Aperçu et petite sélection : le rapport à l’écriture

« Où me mène ce texte? A mon insu, la Chapelle de Ronchamp tend à s’amenuiser au profit d’autre chose, plus lié au monde d’aujourd’hui, à mes inquiétudes de société. Ce faisant, j’éprouve une joie à m’éloigner de ce journal. Sentiment de sortir de mon propre utérus.

« Trouver la vérité par l’écriture. La vérité m’intéresse plus que tout, plus que l’écriture.p.20

« Tout dans ma vie est sous le signe de l’arraché. C’est à l’arraché que je parviens à extraire les mots et à me garder vivante. »p.21 et des échos, répétitions qui amorcent de l’importance de cette idée  » Ecrire à partie liée avec l’arrachement. Mais qu’ai-je à arracher ? Rien ne s’impose en toute nécessité. Mon vouloir est cérébral ».p.42 « Levée tôt, mais l’écriture, où est-elle? « Je » fais écran. »

« Nuit d’agitation, en quête des mots manquants. On n’écrit jamais que pour trouver les mots manquants. »p.45

« Mon rapport à l’écriture : encore et toujours »le métier de vivre ». Pas le souci de construire une oeuvre littéraire, mais l’ambition de repousser, si peu que ce soit, une part de ténèbres____en soi comme à l’extérieur »p.45..

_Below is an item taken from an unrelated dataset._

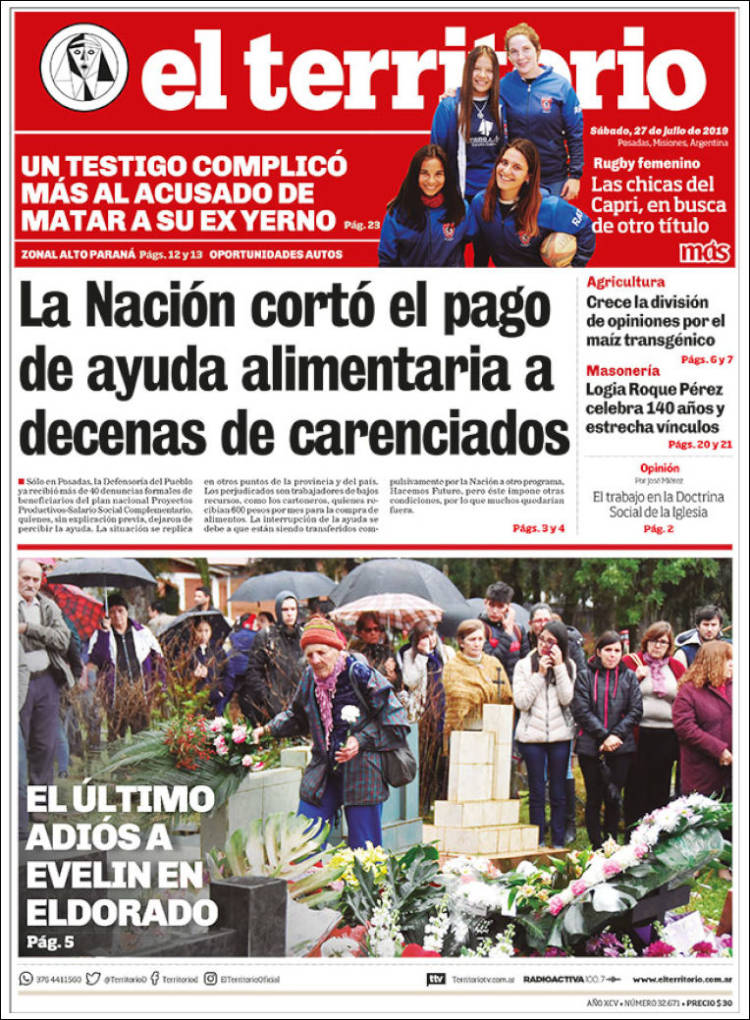 Portada de El Territorio (Argentina)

Toujours ces préoccupations…et un éclairage,« bleu d’octobre : mon modèle. Voudrais écrire en atteignant cette transparence.La transparence n’est pas la pauvreté. Ecrire transparent donc lisible est souvent compris comme écrire banal, simpliste, sans profondeur.Alors qu’il s’agit d’accéder à une qualité de perception que le dépouillement permet. Où commence-t-il? Où s’arrête-t-il? La simplicité d’une écriture ne va pas de soi. Elle est fruit d’une approche patiente.Une ascèse presque. »p.48

« Personne ne m’a condamné à dire je.Je peux écrire d’un autre point de vue et avec les mêmes exigences.C’est le b.a.-ba de tout écrivain. Alors pourquoi est-ce impossible sous peine de culpabilité, de sentiment d’imposture? »p.64

« Qu’ai-je encore à arracher? Arrachement heureux affirme Marcel Cohen.Pour lui, l’arrachement, au trou est une remontée. Le malheur, c’est l’absence de mots. »

En 2012, de la poétique « Grand ciel bleu lavé par le vent. Lumière du Sud, du moins d’un sud tel que je le rêvais/imaginais. Toujours bien dans cette maison. C’est une expérience frappante. J’ai simplement changé de quelque 50 mètres et changé de niveau. Les deux maisons se font face, elles sont presque jumelles. Pourtant l’une e donnait le sentiment de me vider, l’autre me donne asile et bienfaisance. »p108.

Un recueil donc où l’on peut puiser quelques ondes, s’approprier quelques expressions et/ou se reconnaître, encore faut-il accepter l’intrusion dans cette intimité, ce qui ne va, je pense, pas de soi…sans doute parce que je méconnaissais l’auteur.